HAHAHA I wish I even still had that thing man, it would be an antique by now!


----------



## Galius

"it's kind of silly to have 3 guitars playing the same thing at the same time, it just muddys up the mix"

I love your band and all...but why have 3 guitar players if youre playing the same thing alot of times anyway? I just thought it was funky you said something like that.


----------



## jds93

what pickups do u use


----------



## Rick

EMG 707s.


----------



## cow 7 sig

so they do as i have and change the 81-7s that come stock in the 607b for the 707?
its a good move lol.i personally cant stand the 81-7


----------



## MattMulartschuk

Galius said:


> "it's kind of silly to have 3 guitars playing the same thing at the same time, it just muddys up the mix"
> 
> I love your band and all...but why have 3 guitar players if youre playing the same thing alot of times anyway? I just thought it was funky you said something like that.

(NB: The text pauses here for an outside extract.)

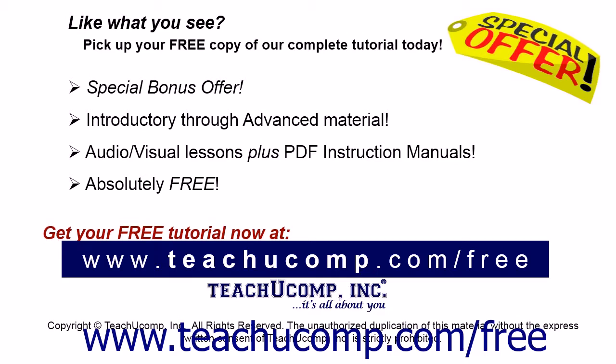Like what you see? Pick up your free copy of the complete tutorial at www.teachucomp.com/free.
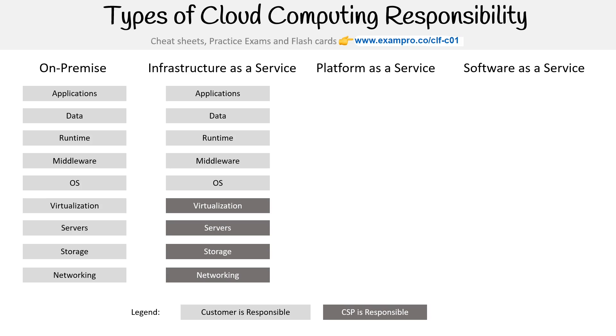So if you launch an EC2 instance, you're going to have to choose the OS, that's why you're responsible, whatever middleware there, the runtime, so whatever kind of programs you install on it, the data that resides on it, and any kind of major applications.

Probably to keep it heavy while there's a lead part being played.


----------



## Rick

I wouldn't mind hearing some 3 part harmonies.


----------



## joshc482

i've tried the isp pedal and owned the rackmount version. they both suck. the best noise gate is the rocktron guitar silencer. it kills any noise gate out there period.


----------



## Rick

I had the Decimator pedal and it worked great for me.


----------



## cow 7 sig

Rick said:


> I had the Decimator pedal and it worked great for me.



i love mine


----------



## Galius

Ive tried every noisegate out there and the decimator is the best ive ever had.


----------



## AlexWadeWC

Rick said:


> EMG 707s.




Actuaalllyyy, we use 81-7's 

We prefer the more razor cutting tone of the 81-7 to the smoother 707 especially since its 3 guitars in drop A, we need all the clarity we can get haha



joshc482 said:


> i've tried the isp pedal and owned the rackmount version. they both suck. the best noise gate is the rocktron guitar silencer. it kills any noise gate out there period.

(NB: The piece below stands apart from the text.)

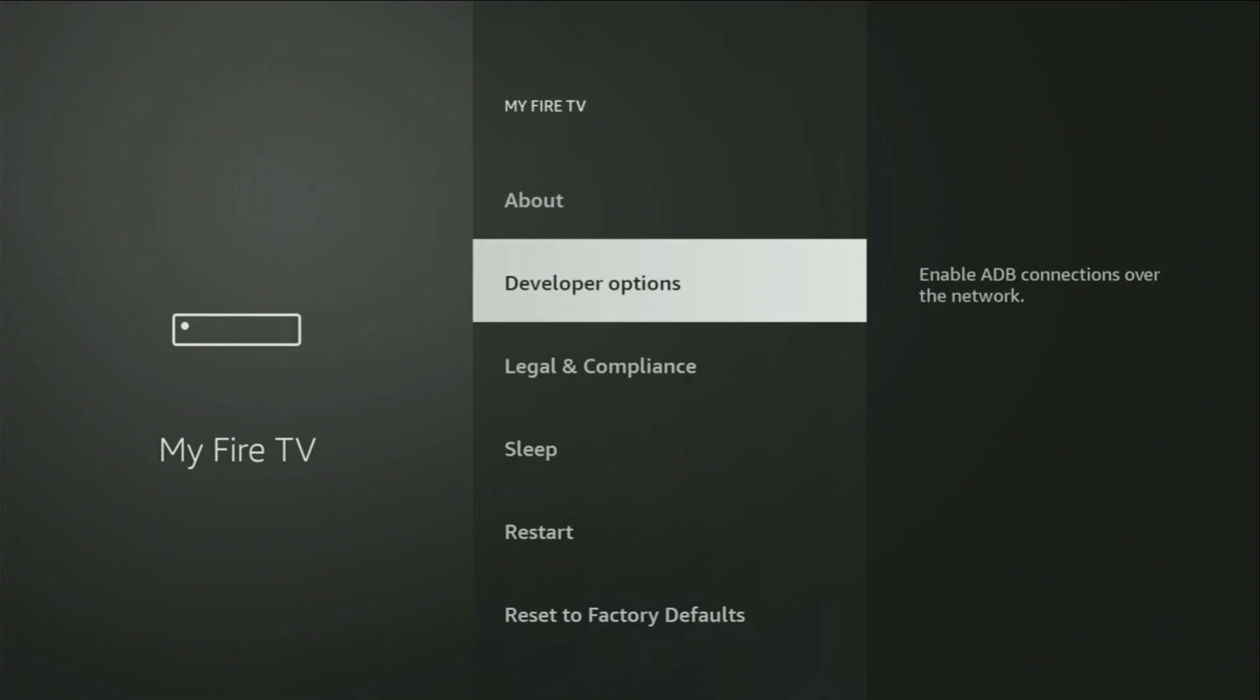So, go back, and you'll finally see the Developer Options, which now have appeared for us right here. Open them.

Yours had to of been broken or something. The ISP is amazing, I run one out front for feedback and one in my loop for hum.


----------



## petereanima

AlexWadeWC said:


> Yours had to of been broken or something. The ISP is amazing, I run one out front for feedback and one in my loop for hum.



exactly. 

i've never been satisfied with any noise reduction gear until i bought the ISP, its just amazing. everything is simply perfect on it.


----------



## Rick

AlexWadeWC said:


> Actuaalllyyy, we use 81-7's



Well, excuse me, Mr. Smartypants.


----------



## MattMulartschuk

AlexWadeWC said:


> Actuaalllyyy, we use 81-7's
> 
> We prefer the more razor cutting tone of the 81-7 to the smoother 707 especially since its 3 guitars in drop A, we need all the clarity we can get haha
> 
> 
> 
> Yours had to of been broken or something. The ISP is amazing, I run one out front for feedback and one in my loop for hum.


I'll be getting an 81-7 for my Hellraiser, I find the 707 sounds too thumpy for me, especially in a mahogany body.

As for the ISP, I run a Boss NS2 with the X connection and it works perfectly, I'd imagine it'd be the same as running the two separate gates which only have an input and output, yes? I considered getting a ISP Decimator, but when I found out it only had an in and out, I decided not to because the 6505 makes a lot of noise at gigging volume, even when the guitar is turned off.


----------



## Arsis

AlexWadeWC said:


> Actuaalllyyy, we use 81-7's
> 
> We prefer the more razor cutting tone of the 81-7 to the smoother 707 especially since its 3 guitars in drop A, we need all the clarity we can get haha
> 
> 
> 
> Yours had to of been broken or something. The ISP is amazing, I run one out front for feedback and one in my loop for hum.



Interesting. I had always thought the 707 was a 7 string take of an 81. I was not aware of an 81-7. I don't know much about 7 string PU however. This a good start i suppose.


----------



## tonymustang302

From what I was told...the 81-7 is 81 version and the 707 is the 85 version.


----------



## MattMulartschuk

tonymustang302 said:


> From what I was told...the 81-7 is 81 version and the 707 is the 85 version.


Kind of, but not exactly.

A question for Alex again, was the album art for This Is Exile and The Somatic Defilement inspired by Silent Hill? The whole person rising from the barbed wire and all that? If not, could you please explain them? I love the album art, I'm just not sure what to make of them!


----------



## TMM

tonymustang302 said:


> From what I was told...the 81-7 is 81 version and the 707 is the 85 version.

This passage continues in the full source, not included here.